Fludd
- First edition
- Author: Hilary Mantel
- Cover artist: Russell Ayto
- Language: English
- Publisher: Viking Press
- Publication date: 1989
- Publication place: United Kingdom
- Media type: Print & eBook
- Pages: 192
- ISBN: 0-670-82118-7

= Fludd (novel) =

1989 novel by Hilary Mantel

Fludd is a novel by Hilary Mantel. First published by Viking Press in 1989, it won the Winifred Holtby Memorial Prize that year.

The novel is set in 1956, in Fetherhoughton, a dreary and isolated fictional town somewhere on the moors of northern England. The people of the town seem benighted, but are portrayed by Mantel with sympathy and affection. The plot centres on the Roman Catholic church and convent in the town and concerns the dramatic impact of the mysterious Fludd, who is apparently a curate sent by the bishop to assist Father Angwin, a priest who continues in his role despite privately having lost his faith.

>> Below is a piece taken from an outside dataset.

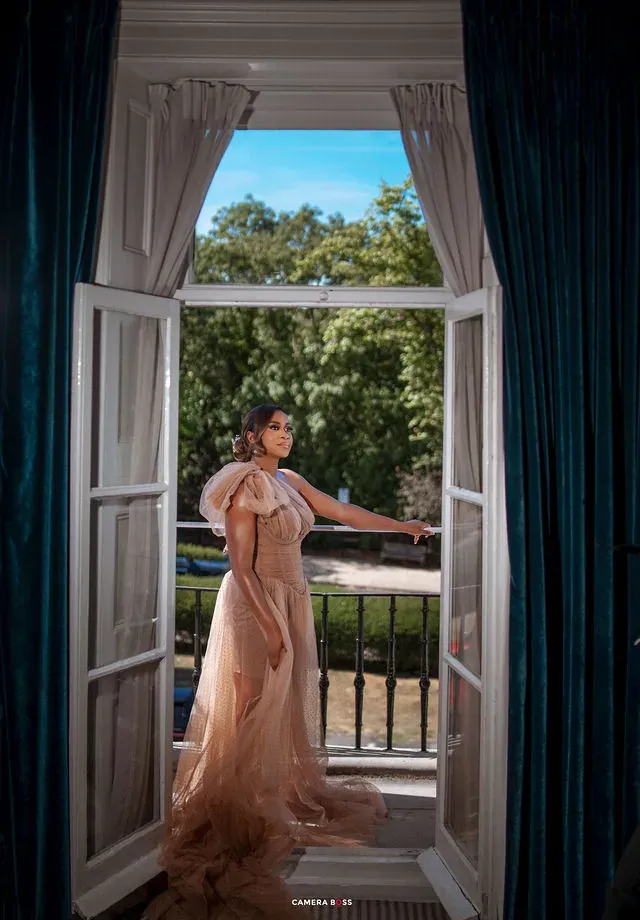 Bridal portrait framed by an open balcony doorway. CameraBoss portfolio: Cynthia and Oswaldo.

The novel presents an uncompromisingly harsh view of the Roman Catholic Church, portraying a vividly cruel mother superior and a thoughtless, bullying bishop. The narrative flirts with the supernatural (for instance, a wart migrates miraculously from one person to another, a character bursts into flames, Fludd causes food to vanish without appearing to eat it). Fludd resembles the Devil in various ways (he instantly succeeds in learning people's innermost feelings and wishes, and he performs subtle profane miracles like maintaining an ever-full whiskey bottle). Yet Fludd's effect on both of the two main protagonists, Father Angwin and the young Sister Philomena, turns out to be very liberating, and the novel ends with some degree of new hope for both of them.